With the October 31 expiration of the Writers Guild's contract looming, studio negotiators will rejoin the guild at the bargaining table this week to try to hammer out a contract. Will writers start walking the picket lines on Halloween, forcing desperate actors to ad-lib fart jokes in Paul Haggis dramas? Since the Directors Guild and the Screen Actors Guild have contracts expiring next summer, will this be just the first in a series of strikes that will cripple Hollywood, sending teeth-bleaching stocks into the toilet? We interpret today's Variety story on the coming labor unrest.
Variety says: There's little optimism that the town's scribes will reach a deal with studios and nets by the Oct. 31 expiration of the WGA contract. Most expect that the guild won't strike at that point but rather tell its members to keep working under terms of the expired deal in hopes of securing a better one once SAG negotiates next year prior to its June 30 expiration.
Translation: Studio heads wouldn't weep one single tear if every writer in Hollywood were washed into the sea, and therefore writers must team up with actual stars in order to have any leverage at all.
Variety says: Still, the WGA's not taking the strike option off the table. It's converted the members' lounge at its headquarters into a strike HQ.
Translation: Hundreds of pencils are being sharpened to lethally sharp points even as we speak.
Variety says: "The view of the companies is that the WGA has not responded to our proposal; they have not bargained in good faith," [Alliance of Motion Picture & Television Producers president Nick] Counter declared. "We're entitled to a point-by-point response, and they have not given us the courtesy of that."
Translation: "We're entitled to a point-by-point response to our bullshit proposal, and a bullshit proposal in return."
Variety says: "And we are surprised and chagrined.
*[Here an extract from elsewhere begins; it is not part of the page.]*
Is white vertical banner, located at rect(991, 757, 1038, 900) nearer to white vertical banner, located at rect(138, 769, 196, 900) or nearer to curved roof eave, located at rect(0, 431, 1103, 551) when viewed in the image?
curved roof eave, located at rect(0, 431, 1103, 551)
This is the first time in my experience that the other side has been nonresponsive." Asked about Counter's complaints, [WGA West President Patric] Verrone said they're nonsense and the companies need to move on.
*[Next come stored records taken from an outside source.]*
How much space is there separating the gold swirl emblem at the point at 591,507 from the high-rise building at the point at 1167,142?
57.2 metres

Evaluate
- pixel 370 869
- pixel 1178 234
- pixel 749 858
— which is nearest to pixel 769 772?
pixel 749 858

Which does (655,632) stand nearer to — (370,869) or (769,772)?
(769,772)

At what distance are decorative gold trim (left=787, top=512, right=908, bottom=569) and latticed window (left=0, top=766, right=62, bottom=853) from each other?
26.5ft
Translation: "Your mom was unresponsive," replied Verrone, adding, "High-five!"
Variety says: Counter contends that fast-shifting showbiz economics have left the companies with no choice but to come in with their guns blazing. He cites soaring costs of film and TV, uncertainty over Internet revenues and flat DVD growth, rattling off MPAA stats showing an average deficit of $70 million per film.
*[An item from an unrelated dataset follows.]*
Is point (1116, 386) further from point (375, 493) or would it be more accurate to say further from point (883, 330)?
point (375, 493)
Translation: Surely everyone can agree that the No. 1 problem causing showbiz companies to lose money is their reckless generosity with writers.
Variety says: "Hollywood accounting is a fantasy designed to pay talent as little as possible," [Verrone] added.
Translation: Hollywood accounting is a fantasy designed to pay talent as little as possible.
Variety says: Counter bristles at such accusations. "Our accounting is transparent," he insisted. "It's a fallacious argument to say that the revenues aren't transparent because of profit participations and audits. Because of shareholders and participants, the industry's books have to be transparent."
Translation: Hollywood accounting is a fantasy designed to pay writers as little as possible.